Archive for April, 2007

Late but Prayer update essential

Monday, April 30th, 2007

OK, it’s this morning’s news, but I wanted to give God credit for Ann pulling through.
This morning I got a full update on exactly how critical things were and why. I am now all the more relieved to be able to say that in spite of some VERY close scrapes and some really stupid work from the nursing staff Ann is on the mend. Last I heard she’s had a very good night and they were going to stop the sedative so she’d wake about lunchtime. Things are still tense and she’s got a lot of recovering to go but hope’s back in the game!

I’ve not heard from the others so far apart from Guy, who’s still in yoyo land, more lucid than I expected but still keeping me on my toes. He talked absolutely loads earlier and I really should commit all the stuff he said to writing asap because it’s seriously weird stuff and though I don’t do things of the spiritual realm, if this isn’t delusion, then it needs some warrior attention I have no idea about. My demon fighting skills are encompassed in one word: Jesus. Beyond that I’m pretty clueless in practice. I just know there could be stuff kicking off, at which I haven’t even begun guessing. You see this is the downside of me having the impression thses tabets are making him more lucid. If what he’s talking about is from a lucid place then we’re not talking about illness. I’m not sure how to deal either way. Today I had to bite my tongue lots. I didn’t always but I refrained myself a whole load.

Hmmm
Having seen my plans for the next couple of weeks completely overturned, I fly Friday. I’m looking forward to it. Spent a fair amount of time on the phone today thinking of and talking about things to do, including see my Princess Claire and her beautiful little ones!! That is a complete bonus to the trip. I’ll keep the programme for feedback I think :)

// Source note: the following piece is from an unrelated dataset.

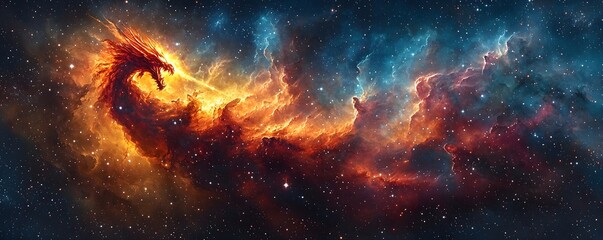 Wall Mural - A fiery dragon shaped nebula amidst a cosmic galaxy backdrop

And Guy’s planned to visit Dad so I don’t have the worry of last trip’s freaky phone happenings. He bought the ticket which is grand. That means he’s game.
It also means I have an excuse for a trip to Brum, the first in many moons. That’ll be nice. If we get into town early enough we may even mooch around a bit.

I’ve just remembered that I was there this time last year chilling in the town centre, sat on steps eating lunch and drinking coffee with my Princess Leah. Now that is a very fond memory :)
I should get to see her and her bro while in France too :)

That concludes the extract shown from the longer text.